Impuestos a los ricos: ¿solidaridad o cortafuegos?
La última moda de Paris son los impuestos a los ricos. Para algunos la mala conciencia de los muy ricos se está trastocando en solidaridad. Acabo de leer que también los riquísimos españoles se están planteando el debate. Seguramente éste será uno de los temas periodísticos de los próximos meses. Alguno lo verá como un símbolo de responsabilidad social de los superprivilegiados. Pero uno, que es malpensado, cree que es más una inteligente maniobra disuasoria que otra cosa. Los muy ricos están claramente en la picota cuando es evidente que no solo en los últimos años han aumentado las desigualdades sociales sino que muchos han visto aumentados sus ingresos cuando sus empresas han sido objeto de cuantiosas ayudas públicas. Proponer una contribución puntual ante la crisis puede servir para revertir las críticas sin que cambien las condiciones estructurales que garanticen su situación. Una propuesta claramente gatopardesca. Si de verdad tienen una mínima conciencia social hay dos cosas que pueden hacer, y que los demás tenemos que exigir:
La primera tiene que ver con los impuestos.
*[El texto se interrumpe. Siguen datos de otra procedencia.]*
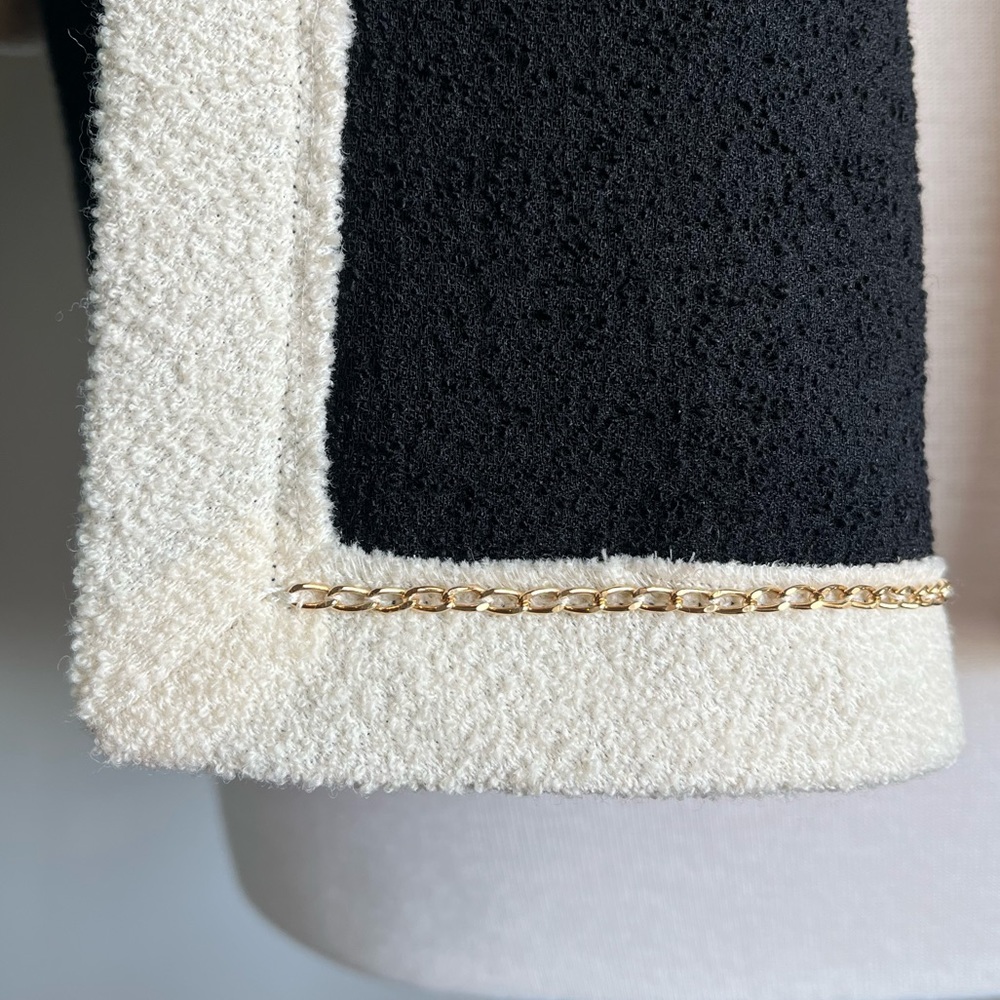 Chanel 12c Runway Black Ecru Color Block Wool Jac… - image 5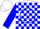 White, royal blue circle and 'bb', blue blocks on sleeves, white cap, blue pompon
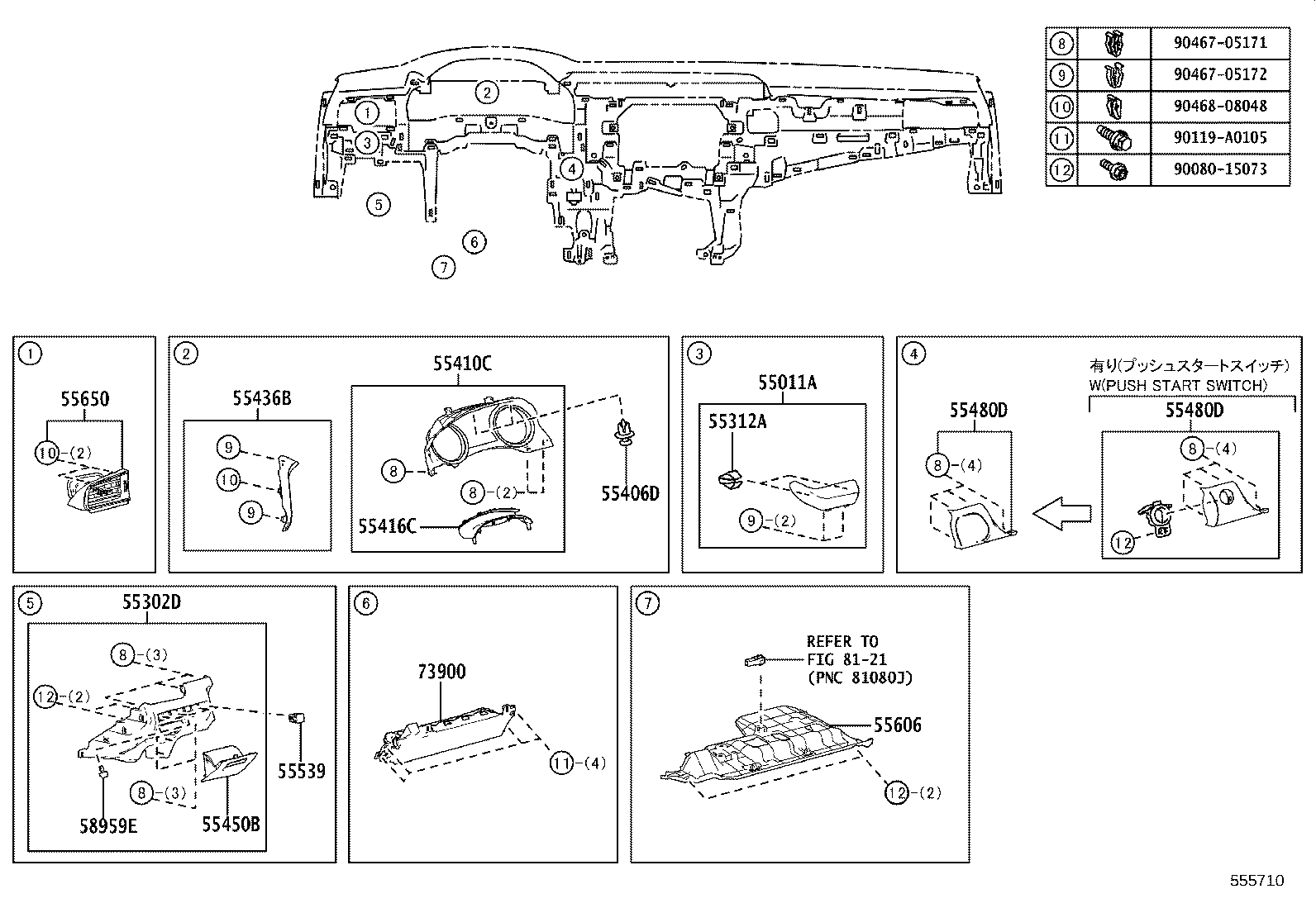 55405-06240 PANEL SUB-ASSY, INSTRUMENT CLUSTER FINISH, CENTER product image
Lo que hay que hacer es restablecer y profundizar un modelo impositivo realmente justo. Como mínimo eliminar toda la serie de recortes fiscales que se han aplicado en los últimos años: restablecimiento de impuestos sobre la propiedad, sucesiones, etc., aumento de los tipos impositivos a las rentas altas, tratamiento igual a las rentas del capital y el trabajo, eliminación de los mecanismos legales de evasión fiscal (tipo sicav), etc.
La segunda tiene que ver con la distribución primaria de la renta, la que tiene lugar en las empresas. Hay que alterar los mecanismos de distribución de la renta dominantes por los cuales una cúpula minoritaria se autoconcede enormes ingresos mientras se desarrollan todo tipo de maniobras (fraccionamiento de la contratación colectiva, precarización del empleo, etc.) para reducir los salarios de la mayoría. El impuesto temporal para ricos es sólo un anzuelo para que olvidemos que de lo que se trata es de pedir justicia, no caridad.